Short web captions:

-=-=-=-=-

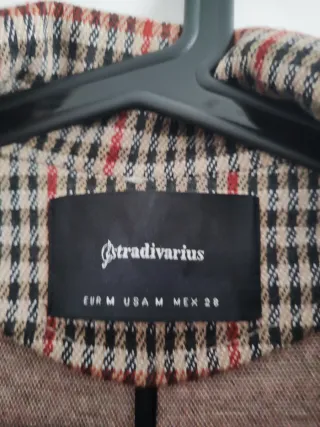 Abrigo cuadros Stradivarius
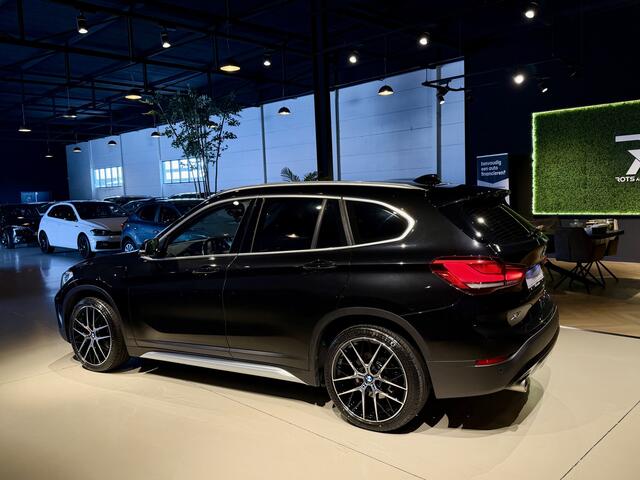BMW X1 xDrive25e High-Exe Camera|Leer|LED|220pk 2021 Zwart Metallic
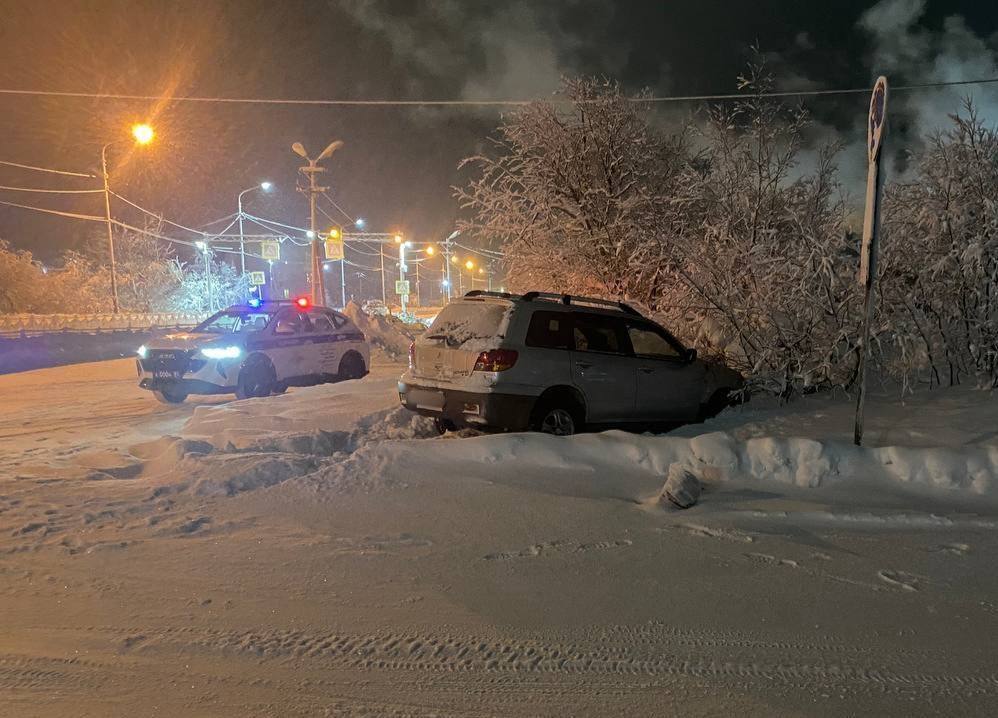 С 16 по 22 февраля в Ненецком автономном округе произошли 15 дорожных аварий С 16 по 22 февраля в Ненецком автономном округе произошли 15 дорожных аварий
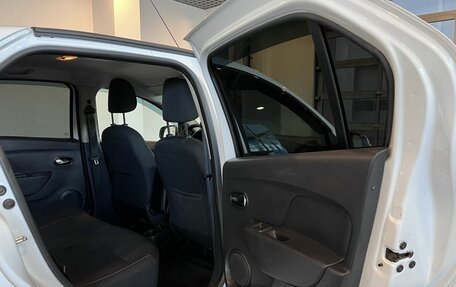 Renault Logan II, 2020 год, 895 000 рублей, 17 фотография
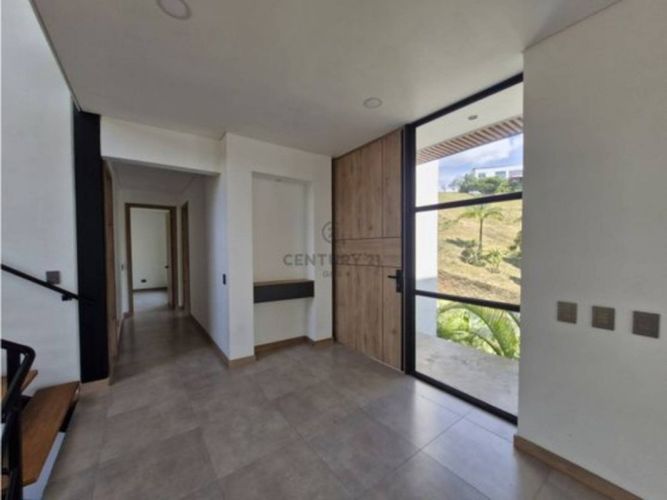Casa de 4 alcobas en venta en Peon, Jamundí, 308 m² · foto 3 de 24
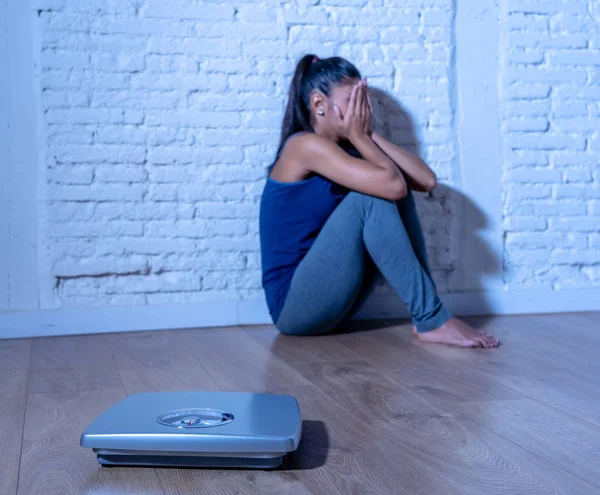Yalnız Ölçeğin Diyet Yeme Bozukluğu Kavramında Depresif Endişeli Bakarak Zeminde — Stok fotoğraf
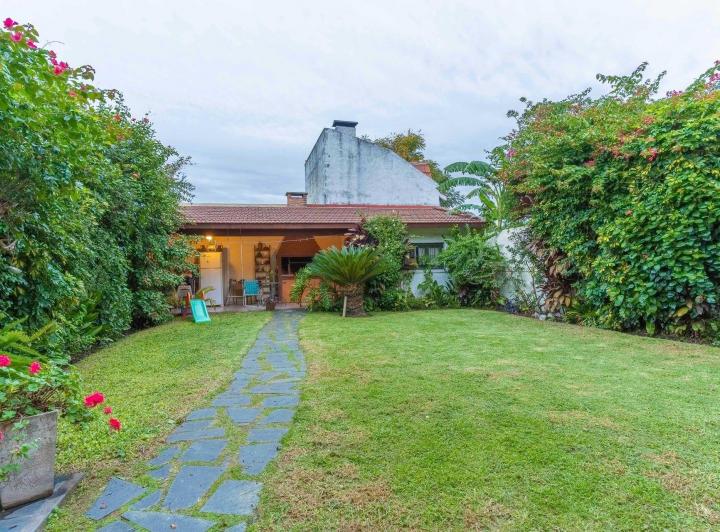 Casa · 300m² · 7 Ambientes · 3 Cocheras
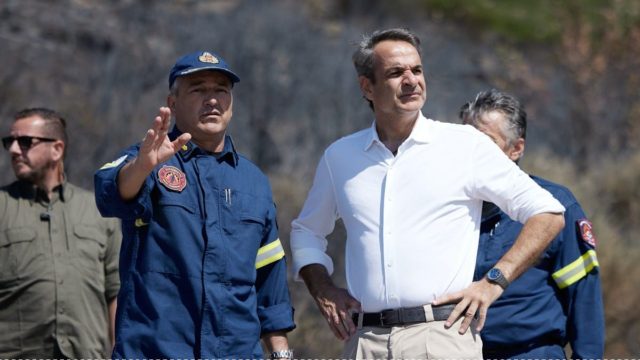 Στην Πάρνηθα ο Κυριάκος Μητσοτάκης – Αυτοψία στις πληγείσες από τη φωτιά περιοχές
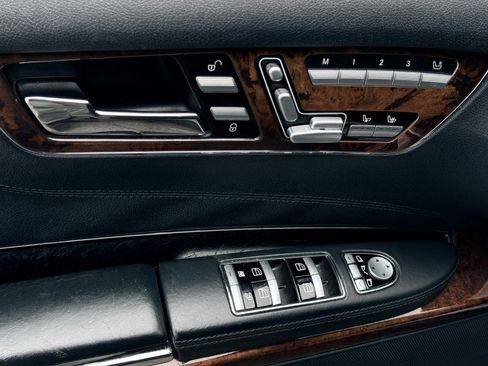 Used 2010 Mercedes-Benz CL 550 4MATIC image 53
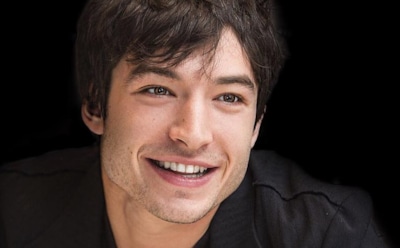 Эзра Миллер вышел на красную дорожку в костюме совы Букли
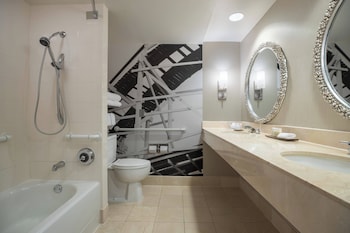 Room, 1 King Bed, Balcony (Mobility/Hearing Accessible, Tub)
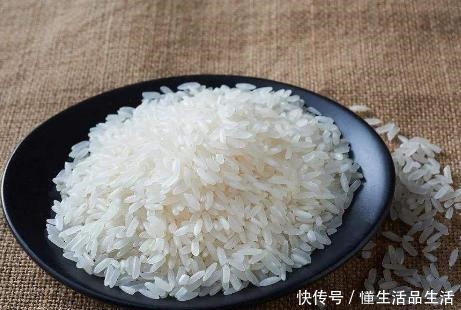 分明|焖米饭时,别直接放水就煮,谨记3点技巧,米饭粒粒分明,还香软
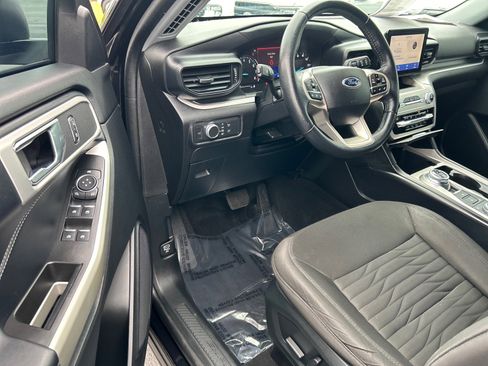 Used 2021 Ford Explorer XLT AWD/4WD image 4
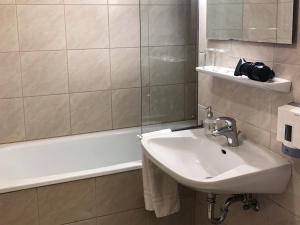 Ένα μπάνιο στο Rheinblick Apartments +29 φωτογραφίες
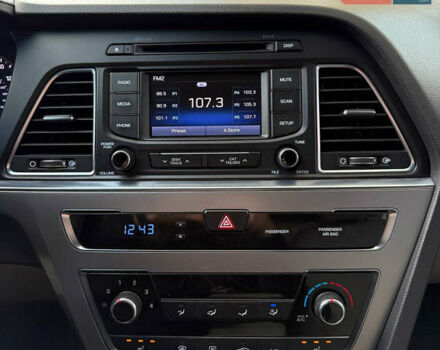 Хендай Соната 2014 у Дніпро (Дніпропетровську) на Automoto.ua Білий Хендай Соната, об'ємом двигуна 2.36 л та пробігом 160 тис. км за 9599 $, фото 32 на Automoto.ua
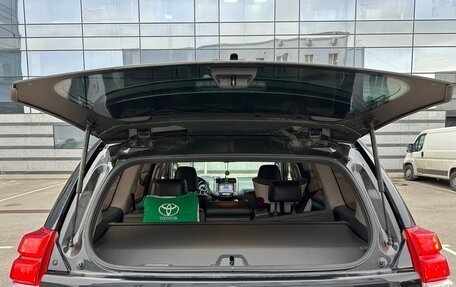 Toyota Land Cruiser Prado 150 рестайлинг 2, 2012 год, 3 999 000 рублей, 11 фотография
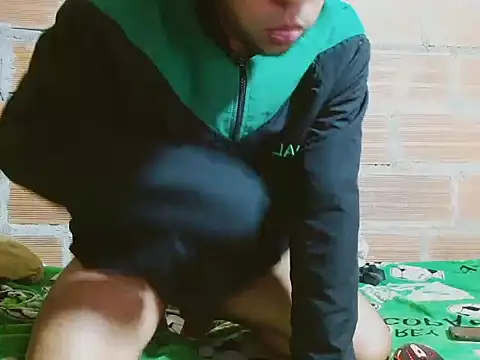 Snapshot of Alphamaster_92 chatting on February 6, 2026, 10:07 am Alphamaster 92 online show from February 6, 2026, 10:07 am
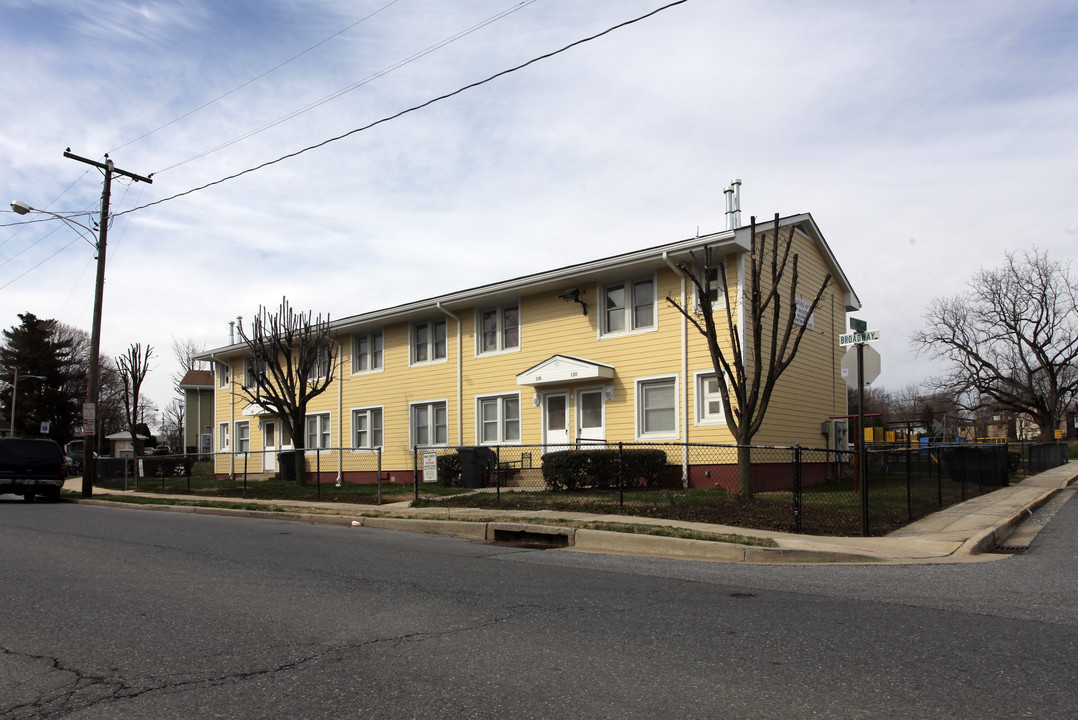 Carver Apartments in Frederick, MD - Building Photo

-=-=-=-=-

Produce an exact copy of each line of data, skipping embedded images.

▸ WRITTEN SOLUTION:
 Abrigo cuadros Stradivarius
BMW X1 xDrive25e High-Exe Camera|Leer|LED|220pk 2021 Zwart Metallic
 С 16 по 22 февраля в Ненецком автономном округе произошли 15 дорожных аварий С 16 по 22 февраля в Ненецком автономном округе произошли 15 дорожных аварий
 Renault Logan II, 2020 год, 895 000 рублей, 17 фотография
Casa de 4 alcobas en venta en Peon, Jamundí, 308 m² · foto 3 de 24
Yalnız Ölçeğin Diyet Yeme Bozukluğu Kavramında Depresif Endişeli Bakarak Zeminde — Stok fotoğraf
 Casa · 300m² · 7 Ambientes · 3 Cocheras
 Στην Πάρνηθα ο Κυριάκος Μητσοτάκης – Αυτοψία στις πληγείσες από τη φωτιά περιοχές
 Used 2010 Mercedes-Benz CL 550 4MATIC image 53
 Эзра Миллер вышел на красную дорожку в костюме совы Букли
 Room, 1 King Bed, Balcony (Mobility/Hearing Accessible, Tub)
 分明|焖米饭时,别直接放水就煮,谨记3点技巧,米饭粒粒分明,还香软
 Used 2021 Ford Explorer XLT AWD/4WD image 4
 Ένα μπάνιο στο Rheinblick Apartments +29 φωτογραφίες
 Хендай Соната 2014 у Дніпро (Дніпропетровську) на Automoto.ua Білий Хендай Соната, об'ємом двигуна 2.36 л та пробігом 160 тис. км за 9599 $, фото 32 на Automoto.ua
 Toyota Land Cruiser Prado 150 рестайлинг 2, 2012 год, 3 999 000 рублей, 11 фотография
 Snapshot of Alphamaster_92 chatting on February 6, 2026, 10:07 am Alphamaster 92 online show from February 6, 2026, 10:07 am
 Carver Apartments in Frederick, MD - Building Photo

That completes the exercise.